With artificial intelligence, the Internet of things, digital technology and virtual reality, university research is pushing back the limits of possibilities available to businesses. These technologies are key allies in tackling the challenges of the fourth industrial revolution.
A vision of the future required
According to Magda Fusaro, more than two out of three jobs that primary students will hold in the future do not exist today. This is why it is important to have a vision to “explore, open up, conquer and oversee this new territory.” Our legacy to future generations is of major concern for the rector, who aspires to an educated, plural, innovative, equitable and sustainable society.
The shift to the digital era is the key to society’s evolution. A digital divide would cause a lag for Quebec and have serious repercussions. According to Dr. Fusaro, the success of this shift depends on a tripartite commitment between universities, businesses and elected officials.
Digital technology serving sustainable development
While the 4.0 revolution is creating significant challenges, specifically economic, ethical and social ones, Dr. Fusaro was particularly concerned about robotization. The rector pointed out that many jobs and sectors will be affected, including taxi drivers, aircraft pilots, employees in manufacturing and sectors as unexpected as finance, health and education.
Dr. Fusaro sees technology as neither good nor bad. It’s what we do with it that counts. From this perspective, universities have to ensure they are agents of change and not a roadblock to progress.
Universities have a key role to play by exploring new avenues for training and research and exploiting the possibilities of digital technology for economic growth, social progress and the environment.
A technological first at a CCMM forum
To illustrate what she was saying, during her speech Dr. Fusaro used technology to have the audience and an expert from UQAM participate. Through a link that led to a quiz, participants used their smartphones to answer a question that tested their knowledge of factors central to the digital revolution, for example, the Internet of things, artificial intelligence and robotics.
Once the responses were received, the UQAM expert spoke with Dr. Fusaro by video conference to respond to the results and explain the concepts. It was an original way to interact with the audience – a first at a Chamber business luncheon.

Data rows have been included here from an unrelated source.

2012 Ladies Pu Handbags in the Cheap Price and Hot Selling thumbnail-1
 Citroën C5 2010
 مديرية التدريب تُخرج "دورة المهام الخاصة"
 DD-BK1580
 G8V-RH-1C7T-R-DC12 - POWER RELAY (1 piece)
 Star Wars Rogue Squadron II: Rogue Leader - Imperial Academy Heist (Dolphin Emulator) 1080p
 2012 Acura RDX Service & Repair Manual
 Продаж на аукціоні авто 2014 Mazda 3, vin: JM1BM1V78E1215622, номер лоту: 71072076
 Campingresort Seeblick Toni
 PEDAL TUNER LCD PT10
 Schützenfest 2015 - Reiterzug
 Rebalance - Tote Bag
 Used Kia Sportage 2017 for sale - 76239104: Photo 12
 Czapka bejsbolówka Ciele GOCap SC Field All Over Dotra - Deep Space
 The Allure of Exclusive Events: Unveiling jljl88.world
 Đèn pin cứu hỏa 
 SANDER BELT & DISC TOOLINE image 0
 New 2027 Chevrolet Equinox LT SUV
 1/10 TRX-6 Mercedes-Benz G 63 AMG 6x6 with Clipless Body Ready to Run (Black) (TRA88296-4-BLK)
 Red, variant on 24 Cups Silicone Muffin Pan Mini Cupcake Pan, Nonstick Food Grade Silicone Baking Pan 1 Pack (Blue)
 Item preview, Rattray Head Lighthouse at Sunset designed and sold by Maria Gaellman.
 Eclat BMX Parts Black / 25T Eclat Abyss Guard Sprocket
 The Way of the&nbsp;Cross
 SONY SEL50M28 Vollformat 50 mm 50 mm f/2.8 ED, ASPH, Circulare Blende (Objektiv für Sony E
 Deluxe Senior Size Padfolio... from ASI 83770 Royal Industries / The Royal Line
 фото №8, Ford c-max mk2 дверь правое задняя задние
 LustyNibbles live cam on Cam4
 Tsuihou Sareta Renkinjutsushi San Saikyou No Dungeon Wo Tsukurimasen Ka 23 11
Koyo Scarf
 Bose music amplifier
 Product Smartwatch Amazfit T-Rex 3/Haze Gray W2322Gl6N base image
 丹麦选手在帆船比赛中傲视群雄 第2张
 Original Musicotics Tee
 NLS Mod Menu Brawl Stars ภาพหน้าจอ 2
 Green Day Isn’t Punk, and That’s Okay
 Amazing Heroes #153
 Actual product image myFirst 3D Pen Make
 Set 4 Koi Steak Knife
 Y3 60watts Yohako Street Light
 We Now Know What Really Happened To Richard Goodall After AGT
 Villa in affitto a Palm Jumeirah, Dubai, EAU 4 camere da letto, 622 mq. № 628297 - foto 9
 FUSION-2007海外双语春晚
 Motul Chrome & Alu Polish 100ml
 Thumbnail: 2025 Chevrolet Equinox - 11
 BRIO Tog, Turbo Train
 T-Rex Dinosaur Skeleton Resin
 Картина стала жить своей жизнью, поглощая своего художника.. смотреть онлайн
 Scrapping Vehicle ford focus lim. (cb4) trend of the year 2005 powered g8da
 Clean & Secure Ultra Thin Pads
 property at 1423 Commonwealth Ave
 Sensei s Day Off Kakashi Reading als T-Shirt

With UQAM’s 50th anniversary approaching, its rector, Magda Fusaro, wanted to showcase the university’s important contribution to the 4.0 revolution: HIV research, mathematics for computer science, nanomaterials, the discovery of Li-Fi (light fidelity), and more. The list of UQAM’s technological advances is long. For Magda Fusaro, it is clear that UQAM will play a key role in tackling the challenges of the 50 coming years.